═════ Records ═════

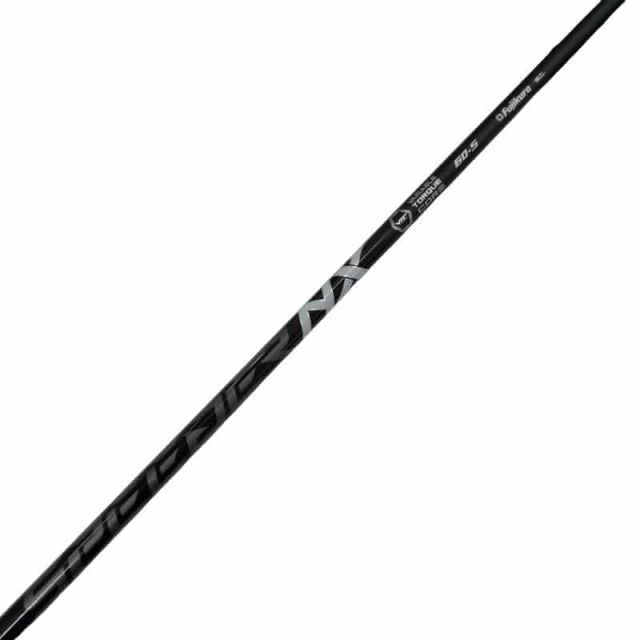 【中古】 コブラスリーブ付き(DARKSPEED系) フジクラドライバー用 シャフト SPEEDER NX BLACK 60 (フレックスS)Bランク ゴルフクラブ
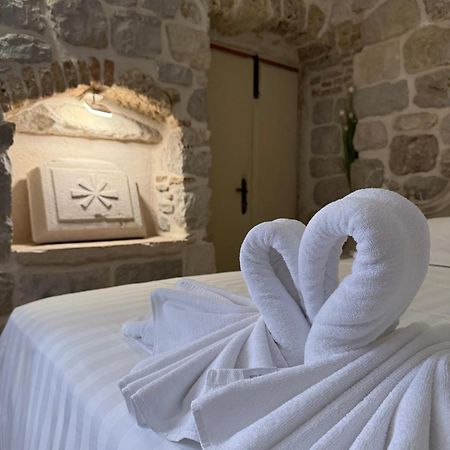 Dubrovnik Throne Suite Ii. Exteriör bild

═════
═════ Records ═════

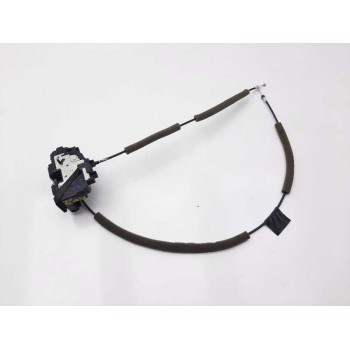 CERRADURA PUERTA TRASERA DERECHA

═════
═════ Records ═════

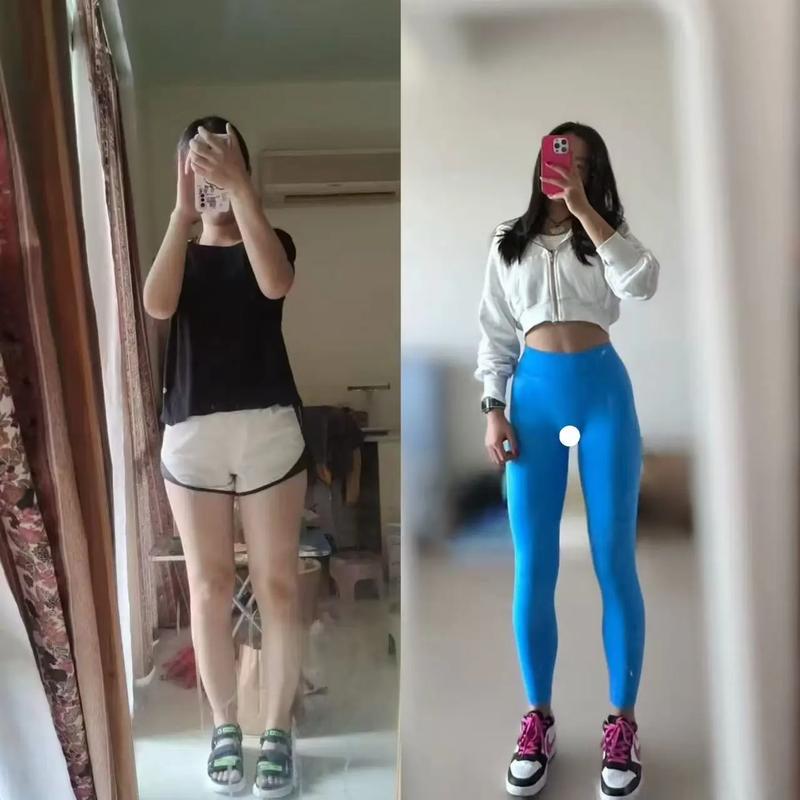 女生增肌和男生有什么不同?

═════

**What the task requires**
What is needed is an exact copy of the lines above, from the one holding "60 (フレックスS)Bランク ゴルフクラブ" down to the one holding "Dubrovnik Throne Suite Ii. Exteriör bild", with those two included and the pictures left out.

**Your solution**
 【中古】 コブラスリーブ付き(DARKSPEED系) フジクラドライバー用 シャフト SPEEDER NX BLACK 60 (フレックスS)Bランク ゴルフクラブ
 Dubrovnik Throne Suite Ii. Exteriör bild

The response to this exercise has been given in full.